> **Goal of the exercise**
Here are some entries. Repeat all of them exactly.

> **Data to process**
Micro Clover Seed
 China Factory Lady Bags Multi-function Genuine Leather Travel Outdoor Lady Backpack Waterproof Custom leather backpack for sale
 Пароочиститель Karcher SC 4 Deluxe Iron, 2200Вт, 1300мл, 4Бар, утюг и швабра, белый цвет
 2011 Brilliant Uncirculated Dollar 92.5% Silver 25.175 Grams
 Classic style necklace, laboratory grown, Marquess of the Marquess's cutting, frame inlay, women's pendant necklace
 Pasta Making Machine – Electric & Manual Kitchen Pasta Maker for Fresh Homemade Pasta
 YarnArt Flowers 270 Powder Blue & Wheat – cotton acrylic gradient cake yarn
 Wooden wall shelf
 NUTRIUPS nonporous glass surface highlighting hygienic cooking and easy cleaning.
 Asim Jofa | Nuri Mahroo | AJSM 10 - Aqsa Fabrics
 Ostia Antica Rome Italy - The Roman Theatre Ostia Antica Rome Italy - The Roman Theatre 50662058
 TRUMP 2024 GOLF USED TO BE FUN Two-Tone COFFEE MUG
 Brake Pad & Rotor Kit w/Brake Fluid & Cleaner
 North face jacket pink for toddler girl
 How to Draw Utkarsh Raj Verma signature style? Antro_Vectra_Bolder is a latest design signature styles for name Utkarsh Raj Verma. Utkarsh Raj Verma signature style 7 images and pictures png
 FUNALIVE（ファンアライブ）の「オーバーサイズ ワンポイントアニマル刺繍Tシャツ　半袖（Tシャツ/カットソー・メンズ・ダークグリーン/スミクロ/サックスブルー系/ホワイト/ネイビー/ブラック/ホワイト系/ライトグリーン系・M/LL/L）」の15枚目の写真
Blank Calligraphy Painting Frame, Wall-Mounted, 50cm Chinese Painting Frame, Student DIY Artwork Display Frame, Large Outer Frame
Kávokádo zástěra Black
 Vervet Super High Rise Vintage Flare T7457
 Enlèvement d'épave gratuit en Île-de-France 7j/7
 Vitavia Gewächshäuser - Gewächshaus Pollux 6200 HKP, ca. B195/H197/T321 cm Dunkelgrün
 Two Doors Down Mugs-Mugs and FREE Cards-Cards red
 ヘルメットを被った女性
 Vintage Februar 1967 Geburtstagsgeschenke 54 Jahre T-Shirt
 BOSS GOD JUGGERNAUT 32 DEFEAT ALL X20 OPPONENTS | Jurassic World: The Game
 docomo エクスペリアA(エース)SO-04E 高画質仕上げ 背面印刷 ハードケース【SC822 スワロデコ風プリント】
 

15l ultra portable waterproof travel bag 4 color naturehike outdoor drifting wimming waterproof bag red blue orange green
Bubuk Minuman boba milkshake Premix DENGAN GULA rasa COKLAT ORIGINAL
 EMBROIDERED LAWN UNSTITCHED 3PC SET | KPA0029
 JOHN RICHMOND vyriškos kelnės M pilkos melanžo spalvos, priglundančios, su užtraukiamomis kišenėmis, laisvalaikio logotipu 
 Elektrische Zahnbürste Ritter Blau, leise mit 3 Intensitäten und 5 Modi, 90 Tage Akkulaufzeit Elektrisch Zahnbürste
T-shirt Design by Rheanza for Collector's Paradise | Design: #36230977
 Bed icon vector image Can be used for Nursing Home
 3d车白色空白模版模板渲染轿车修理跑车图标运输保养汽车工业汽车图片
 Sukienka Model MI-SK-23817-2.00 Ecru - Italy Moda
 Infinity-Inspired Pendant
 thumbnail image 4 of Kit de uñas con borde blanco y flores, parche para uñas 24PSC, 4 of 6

> **Reply**
Micro Clover Seed
 China Factory Lady Bags Multi-function Genuine Leather Travel Outdoor Lady Backpack Waterproof Custom leather backpack for sale
 Пароочиститель Karcher SC 4 Deluxe Iron, 2200Вт, 1300мл, 4Бар, утюг и швабра, белый цвет
 2011 Brilliant Uncirculated Dollar 92.5% Silver 25.175 Grams
 Classic style necklace, laboratory grown, Marquess of the Marquess's cutting, frame inlay, women's pendant necklace
 Pasta Making Machine – Electric & Manual Kitchen Pasta Maker for Fresh Homemade Pasta
 YarnArt Flowers 270 Powder Blue & Wheat – cotton acrylic gradient cake yarn
 Wooden wall shelf
 NUTRIUPS nonporous glass surface highlighting hygienic cooking and easy cleaning.
 Asim Jofa | Nuri Mahroo | AJSM 10 - Aqsa Fabrics
 Ostia Antica Rome Italy - The Roman Theatre Ostia Antica Rome Italy - The Roman Theatre 50662058
 TRUMP 2024 GOLF USED TO BE FUN Two-Tone COFFEE MUG
 Brake Pad & Rotor Kit w/Brake Fluid & Cleaner
 North face jacket pink for toddler girl
 How to Draw Utkarsh Raj Verma signature style? Antro_Vectra_Bolder is a latest design signature styles for name Utkarsh Raj Verma. Utkarsh Raj Verma signature style 7 images and pictures png
 FUNALIVE（ファンアライブ）の「オーバーサイズ ワンポイントアニマル刺繍Tシャツ　半袖（Tシャツ/カットソー・メンズ・ダークグリーン/スミクロ/サックスブルー系/ホワイト/ネイビー/ブラック/ホワイト系/ライトグリーン系・M/LL/L）」の15枚目の写真
Blank Calligraphy Painting Frame, Wall-Mounted, 50cm Chinese Painting Frame, Student DIY Artwork Display Frame, Large Outer Frame
Kávokádo zástěra Black
 Vervet Super High Rise Vintage Flare T7457
 Enlèvement d'épave gratuit en Île-de-France 7j/7
 Vitavia Gewächshäuser - Gewächshaus Pollux 6200 HKP, ca. B195/H197/T321 cm Dunkelgrün
 Two Doors Down Mugs-Mugs and FREE Cards-Cards red
 ヘルメットを被った女性
 Vintage Februar 1967 Geburtstagsgeschenke 54 Jahre T-Shirt
 BOSS GOD JUGGERNAUT 32 DEFEAT ALL X20 OPPONENTS | Jurassic World: The Game
 docomo エクスペリアA(エース)SO-04E 高画質仕上げ 背面印刷 ハードケース【SC822 スワロデコ風プリント】
 

15l ultra portable waterproof travel bag 4 color naturehike outdoor drifting wimming waterproof bag red blue orange green
Bubuk Minuman boba milkshake Premix DENGAN GULA rasa COKLAT ORIGINAL
 EMBROIDERED LAWN UNSTITCHED 3PC SET | KPA0029
 JOHN RICHMOND vyriškos kelnės M pilkos melanžo spalvos, priglundančios, su užtraukiamomis kišenėmis, laisvalaikio logotipu 
 Elektrische Zahnbürste Ritter Blau, leise mit 3 Intensitäten und 5 Modi, 90 Tage Akkulaufzeit Elektrisch Zahnbürste
T-shirt Design by Rheanza for Collector's Paradise | Design: #36230977
 Bed icon vector image Can be used for Nursing Home
 3d车白色空白模版模板渲染轿车修理跑车图标运输保养汽车工业汽车图片
 Sukienka Model MI-SK-23817-2.00 Ecru - Italy Moda
 Infinity-Inspired Pendant
 thumbnail image 4 of Kit de uñas con borde blanco y flores, parche para uñas 24PSC, 4 of 6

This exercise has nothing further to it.